(Beginning of Information provided)
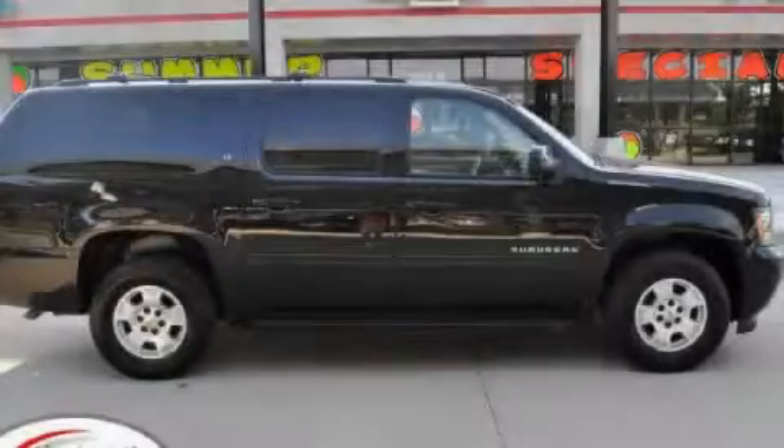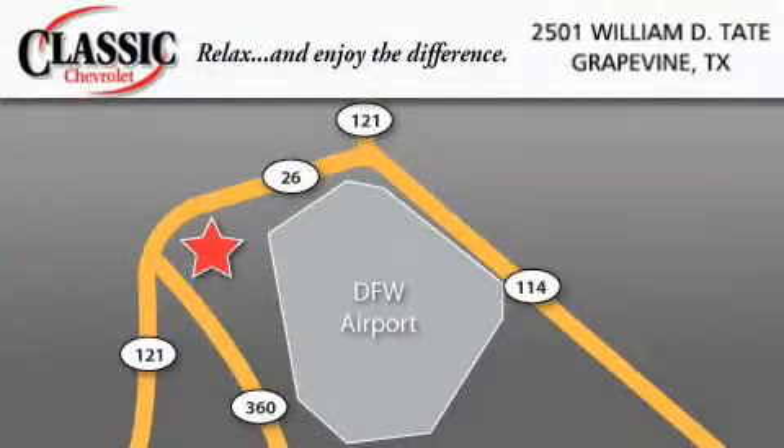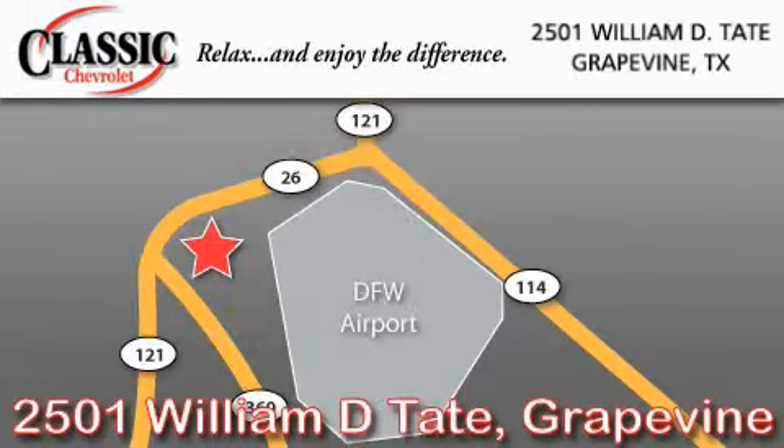Please call us today for more information on this great vehicle. Classic Chevrolet is located at 2501 William D. Tate in Grapevine. Our goal is to exceed all of your expectations to ensure that you'll return for future visits.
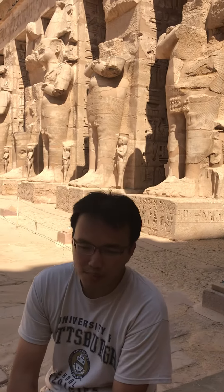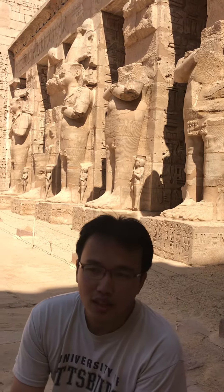Hello, I'm Zian from Pittsburgh, Pennsylvania. This is the first time in Egypt. I was in Cairo and now Luxor.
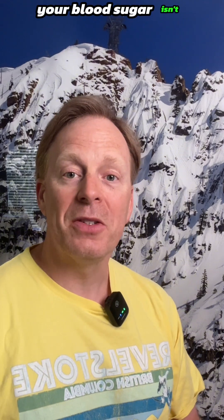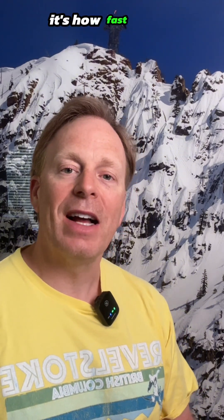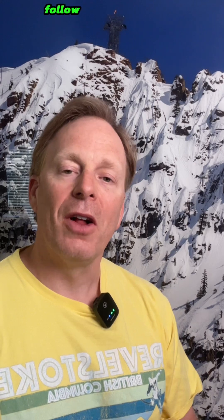Your blood sugar isn't just about what you eat — it's how fast it hits your bloodstream. Follow and subscribe for more gut-friendly ideas, and I'll see you next time.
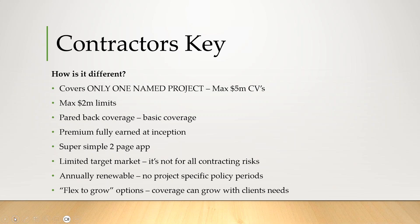One of the nice things is if you have them in for this one project and then six months down the road they have another project where they also need a contractors policy, what we can do is a flex-to-grow option where we can essentially convert their project-specific contractors policy into a full-blown contractor's practice policy for all of their projects.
(End of Information provided)
> **Problem to work on**
In the data above, find the line containing "Hello, I'm Zian", then output it and every later line exactly, without the pictures.

> **Answer box**
Hello, I'm Zian from Pittsburgh, Pennsylvania. This is the first time in Egypt. I was in Cairo and now Luxor.
Your blood sugar isn't just about what you eat — it's how fast it hits your bloodstream. Follow and subscribe for more gut-friendly ideas, and I'll see you next time.
One of the nice things is if you have them in for this one project and then six months down the road they have another project where they also need a contractors policy, what we can do is a flex-to-grow option where we can essentially convert their project-specific contractors policy into a full-blown contractor's practice policy for all of their projects.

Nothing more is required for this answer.